■ Problem
Leaving out the pictures, reproduce each record exactly and in full.
_____
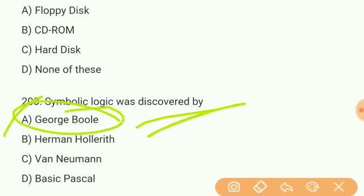Question 200: Symbolic logic was discovered by whom? Answer — George Boole. So friends, 200 different questions have been discussed in today's video. I hope you liked it. Please let me know in the comment box below, share your love by commenting, liking the video, and subscribing to our channel Education For You. Mention what new topics you want us to cover and we'll try to fulfill your demands. Thanks for watching — have a nice day!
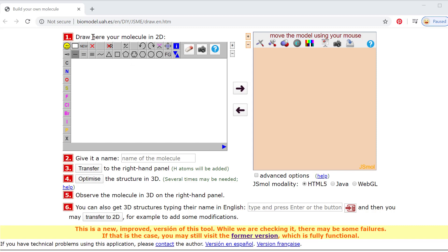I'm going to show you a little bit about how to use this modeling app — a software web page that comes from a university in Spain. Since we can't build in lab, this is going to help us visualize some of our simple molecules. You'll go to this website up here; I've got a clean canvas right now.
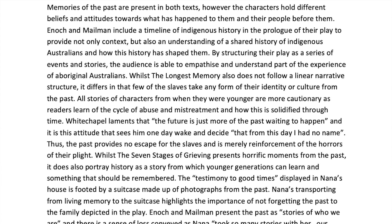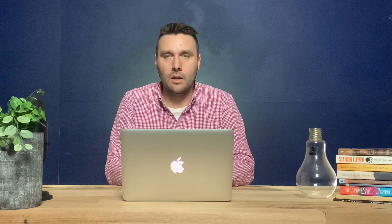Whilst The Seven Stages of Grieving presents horrific moments from the past, it does also portray history as a story from which younger generations can learn and something that should be remembered. The testimony to good times displayed in Nana's house is footed by a suitcase made up of photographs from the past. Nana's transporting from living memory to the suitcase highlights the importance of not forgetting the past to the family depicted in the play. Enoch and Mailman present the past as stories of who we are, and there is a sense of loss conveyed as Nana took so many stories with her — our tradition, our heritage, gone.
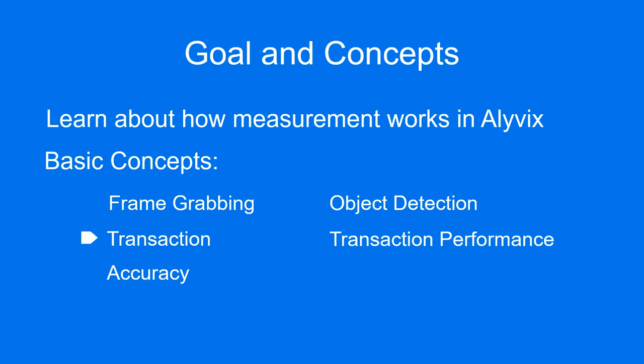A transaction is the object detection phase plus the interaction phase, and corresponds to the execution of the componentry including its actions.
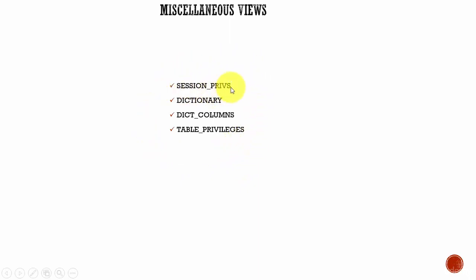The SESSION_PRIVS view, which means session privileges, contains system privileges that are active for the current user and session. Suppose you are logged in as Peter and if you query from session privileges view, you will know what various privileges Peter has during that session.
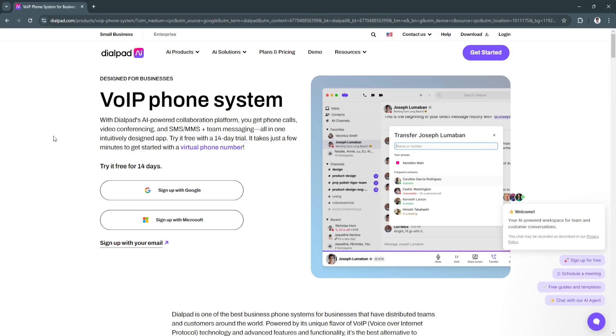Dialpad is an innovative cloud-based VOIP communication platform that combines voice calling, messaging, video conferencing, and AI-powered features into a seamless interface. Designed with remote work and business agility in mind, Dialpad is ideal for companies of all sizes.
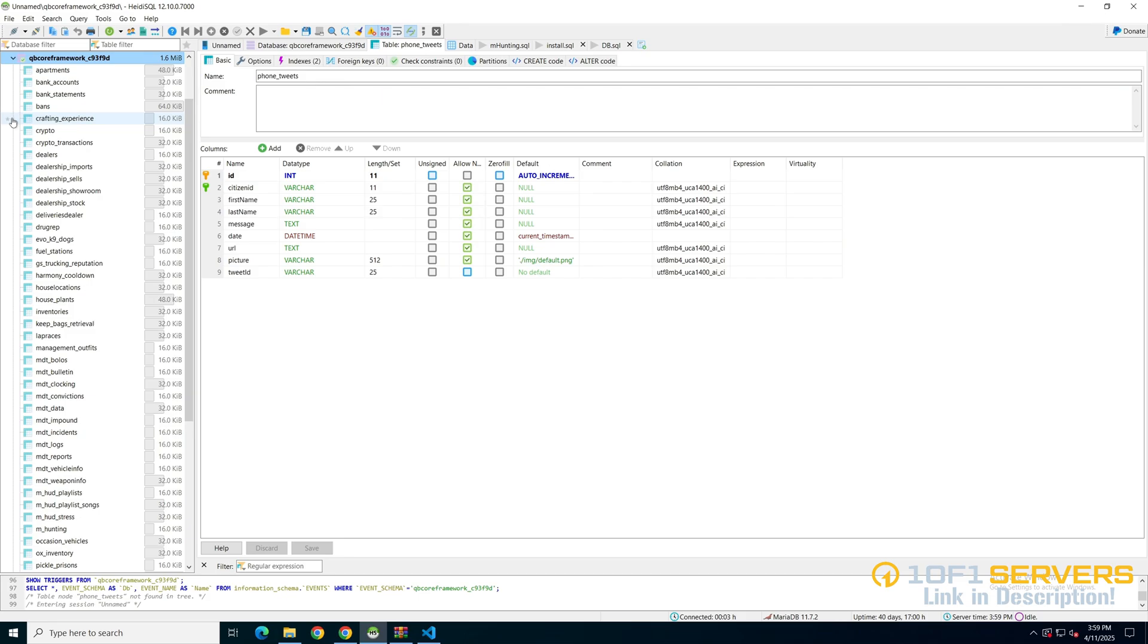Once that's done, run the SQL. I left the link in the description to a video made by Anna that shows how to do this as well.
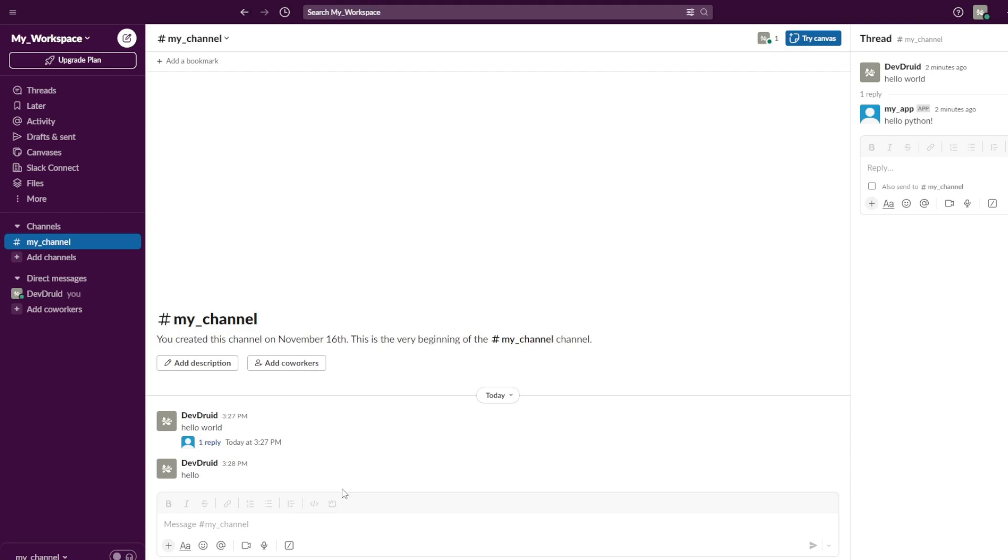In the next lecture, we'll cover an example of making a Slack app react with an image.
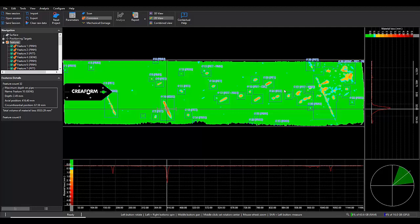And so that is how you quickly and accurately analyze corrosion on a pipe using Creoform's Pipe Check software.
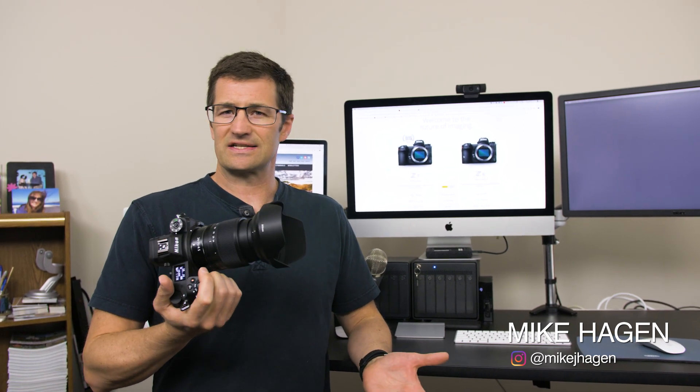Hey everybody, my name is Mike Hagan. I want to show you today how to update the firmware in your Nikon Z6 and Z7. I have the new Nikon Z6 in my hands here. The process is identical though with the Nikon Z7.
_____
■ Task solution
Question 200: Symbolic logic was discovered by whom? Answer — George Boole. So friends, 200 different questions have been discussed in today's video. I hope you liked it. Please let me know in the comment box below, share your love by commenting, liking the video, and subscribing to our channel Education For You. Mention what new topics you want us to cover and we'll try to fulfill your demands. Thanks for watching — have a nice day!
I'm going to show you a little bit about how to use this modeling app — a software web page that comes from a university in Spain. Since we can't build in lab, this is going to help us visualize some of our simple molecules. You'll go to this website up here; I've got a clean canvas right now.
Whilst The Seven Stages of Grieving presents horrific moments from the past, it does also portray history as a story from which younger generations can learn and something that should be remembered. The testimony to good times displayed in Nana's house is footed by a suitcase made up of photographs from the past. Nana's transporting from living memory to the suitcase highlights the importance of not forgetting the past to the family depicted in the play. Enoch and Mailman present the past as stories of who we are, and there is a sense of loss conveyed as Nana took so many stories with her — our tradition, our heritage, gone.
A transaction is the object detection phase plus the interaction phase, and corresponds to the execution of the componentry including its actions.
The SESSION_PRIVS view, which means session privileges, contains system privileges that are active for the current user and session. Suppose you are logged in as Peter and if you query from session privileges view, you will know what various privileges Peter has during that session.
Dialpad is an innovative cloud-based VOIP communication platform that combines voice calling, messaging, video conferencing, and AI-powered features into a seamless interface. Designed with remote work and business agility in mind, Dialpad is ideal for companies of all sizes.
Once that's done, run the SQL. I left the link in the description to a video made by Anna that shows how to do this as well.
In the next lecture, we'll cover an example of making a Slack app react with an image.
And so that is how you quickly and accurately analyze corrosion on a pipe using Creoform's Pipe Check software.
Hey everybody, my name is Mike Hagan. I want to show you today how to update the firmware in your Nikon Z6 and Z7. I have the new Nikon Z6 in my hands here. The process is identical though with the Nikon Z7.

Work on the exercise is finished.